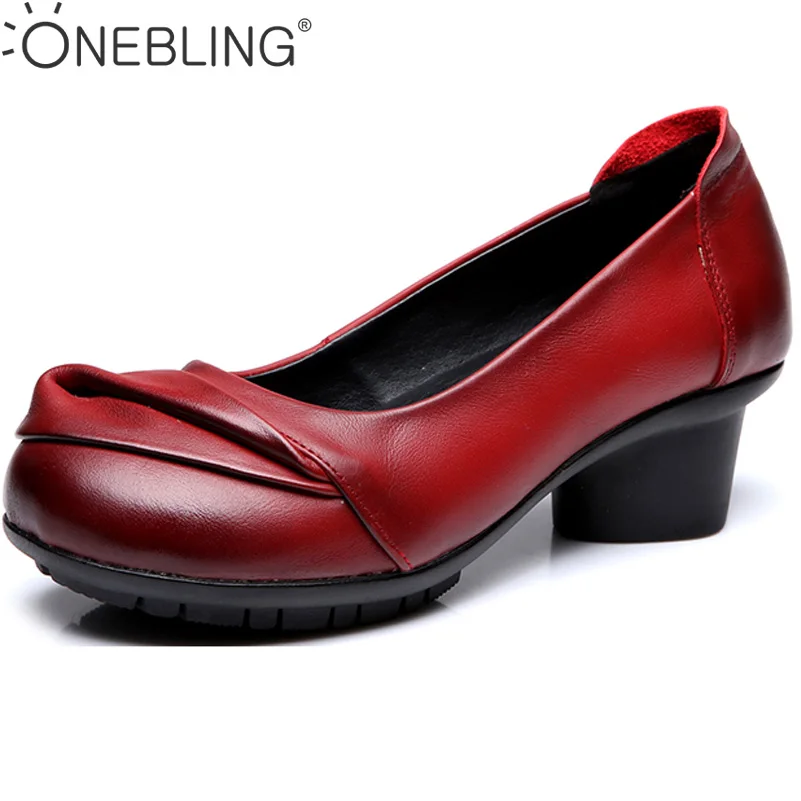 ONEBLING Genuine Leather Women Med Heel Shoes 2017 Spring Autumn Fashion Comfortable Thick Heel Shoes Shallow Soft Female Pumps ONEBLING Genuine Leather Women Med Heel Shoes 2017 Spring Autumn Fashion Comfortable Thick Heel Shoes Shallow Soft Female Pumps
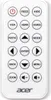 A white remote control with buttons labeled with text and symbols, and the Acer logo at the bottom. Produktbild-Vorschau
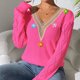 thumbnail image 4 of Suéter de cuello en V para mujer, suéter suelto de invierno liso, suéter de manga larga con cuello redondo, tops de poliéster para mujer, 4 of 6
=-=-=-=-=
#### EXERCISE
Restate the full listing verbatim and drop every picture.

#### WRITTEN REPLY
 ONEBLING Genuine Leather Women Med Heel Shoes 2017 Spring Autumn Fashion Comfortable Thick Heel Shoes Shallow Soft Female Pumps ONEBLING Genuine Leather Women Med Heel Shoes 2017 Spring Autumn Fashion Comfortable Thick Heel Shoes Shallow Soft Female Pumps
 A white remote control with buttons labeled with text and symbols, and the Acer logo at the bottom. Produktbild-Vorschau
 thumbnail image 4 of Suéter de cuello en V para mujer, suéter suelto de invierno liso, suéter de manga larga con cuello redondo, tops de poliéster para mujer, 4 of 6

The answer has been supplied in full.